§ REQUIRED ACTION:
Please make an exact copy of the listing, without the pictures.

§ SOURCE DATA:
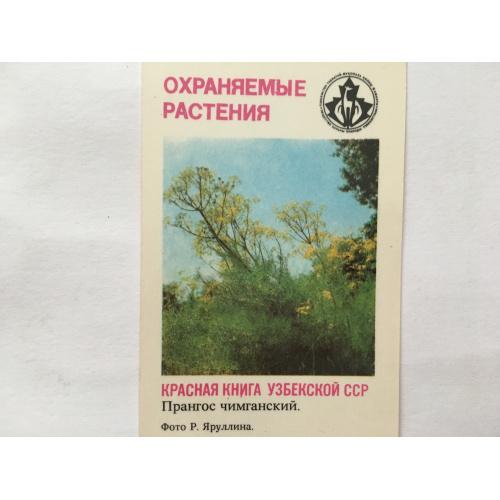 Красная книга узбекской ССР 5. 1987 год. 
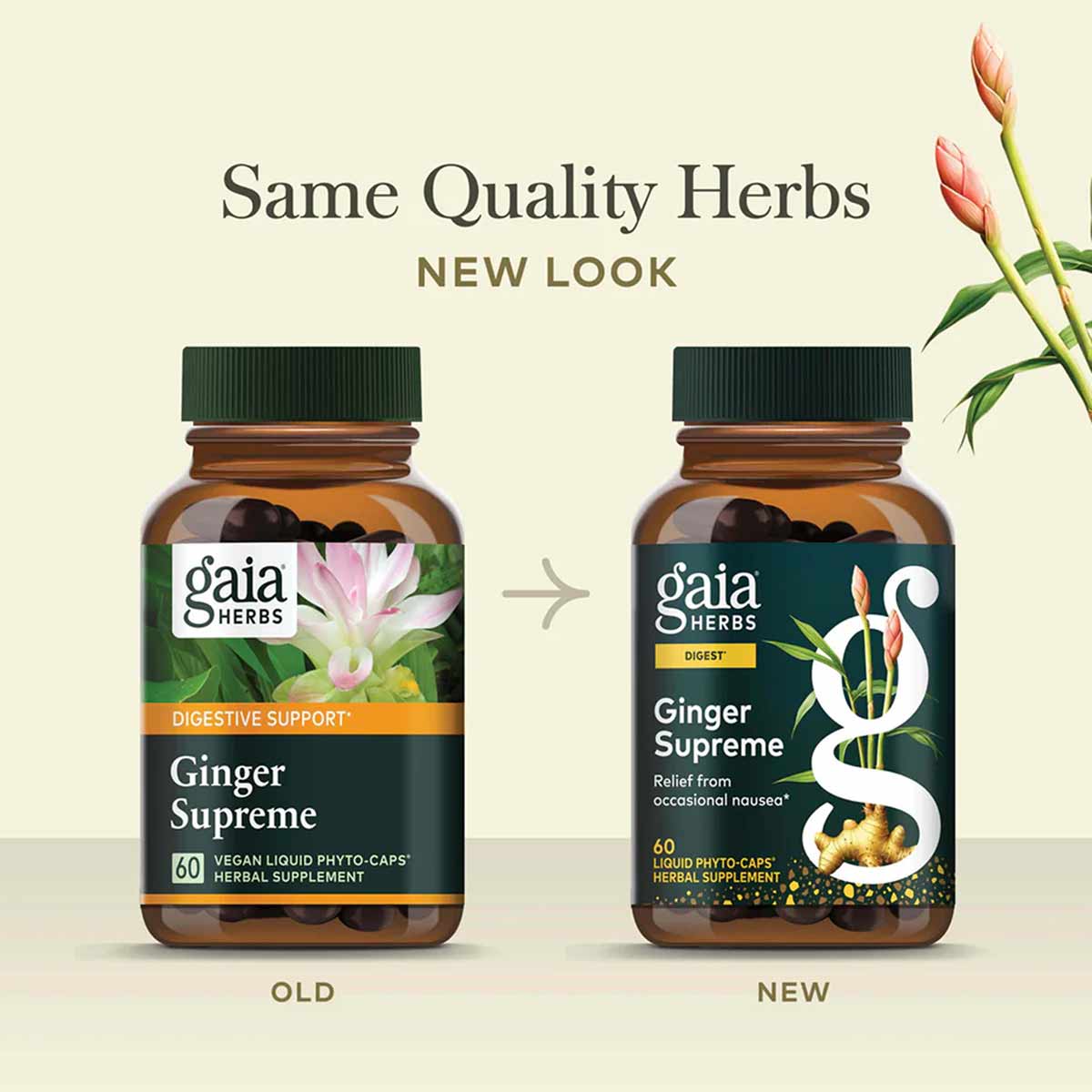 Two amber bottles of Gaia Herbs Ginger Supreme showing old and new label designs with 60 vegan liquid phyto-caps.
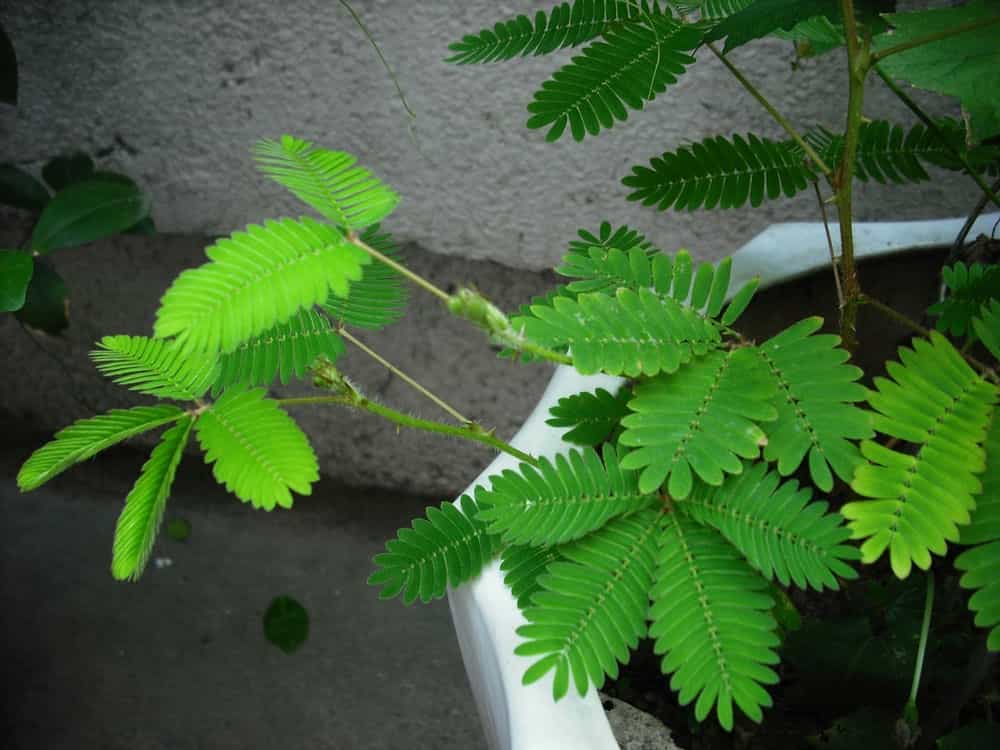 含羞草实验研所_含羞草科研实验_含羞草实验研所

§ ANSWER:
 Красная книга узбекской ССР 5. 1987 год. 
 Two amber bottles of Gaia Herbs Ginger Supreme showing old and new label designs with 60 vegan liquid phyto-caps.
 含羞草实验研所_含羞草科研实验_含羞草实验研所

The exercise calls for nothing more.